California Regulators OK 250-MW Solar Thermal Project

The California Energy Commission on Wednesday approved the construction of the proposed Beacon Solar Energy Project, the first solar thermal power project permitted in 20 years.

In a unanimous vote, the Commission approved licensing of the 250-megawatt facility in eastern Kern County.

Beacon Solar, LLC, a subsidiary of NextEra Energy Resources, LLC, (NYSE: NEE) would construct, own, and operate the proposed plant. The project is a concentrated solar electric generating facility on approximately 2,012-acres in eastern Kern County on the western edge of the Mojave Desert, four miles from California City and 15 miles north of the town of Mojave.

The project will use well-established parabolic trough solar thermal technology to produce electrical power using a steam turbine generator fed from a solar steam generator.
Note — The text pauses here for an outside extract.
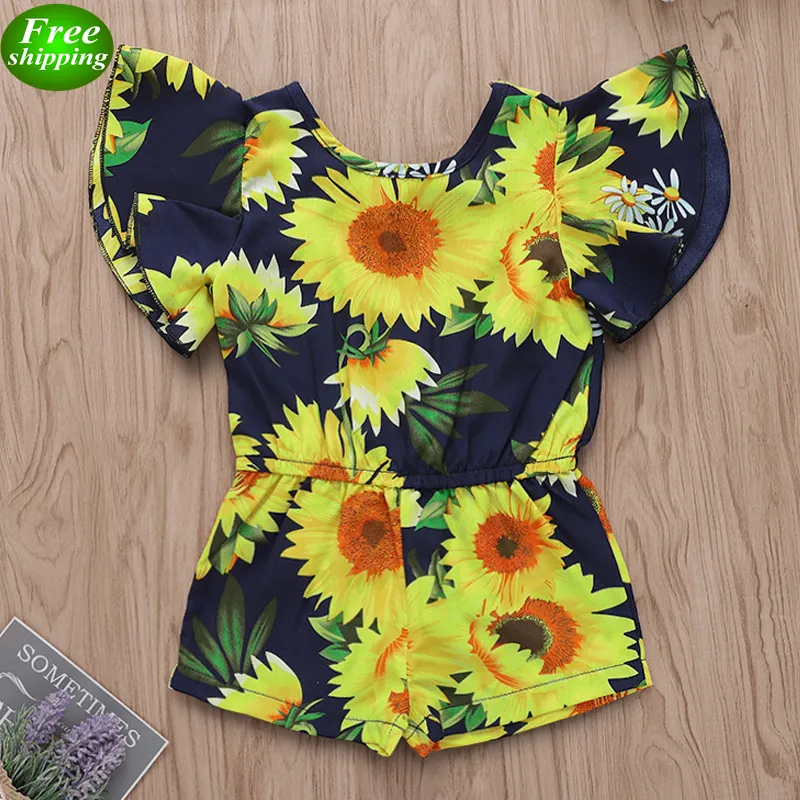 INS Baby Girl Jumpsuit Kids Summer sunflower Print Romper Short sleeve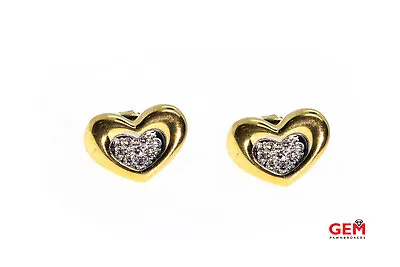 Movado Puff Heart Diamond Pave Studs 18K Yellow & White Gold Pair Earrings • $699.99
The solar steam generators receive heated heat transfer fluid from solar thermal equipment comprised of arrays of parabolic mirrors that collect energy from the sun.

The Commission said the project, as mitigated, will have no significant impacts on the environment and complies with applicable laws, ordinances, regulations, and standards.

The last solar thermal power plants that the Energy Commission approved were Luz Solar Electric Generating Systems (SEGS) IX and Luz SEGS X in February 1990.

"Today’s action begins the journey of increasing clean renewable energy in California," said Energy Commission Chairman Karen Douglas.

Numerous solar thermal projects are in the development process for California. BrightSource Energy’s Ivanpah project recently received a Final Environmental Impact Statement (FEIS) from the U.S. Bureau of Land Management (BLM), and construction is expected to begin this fall.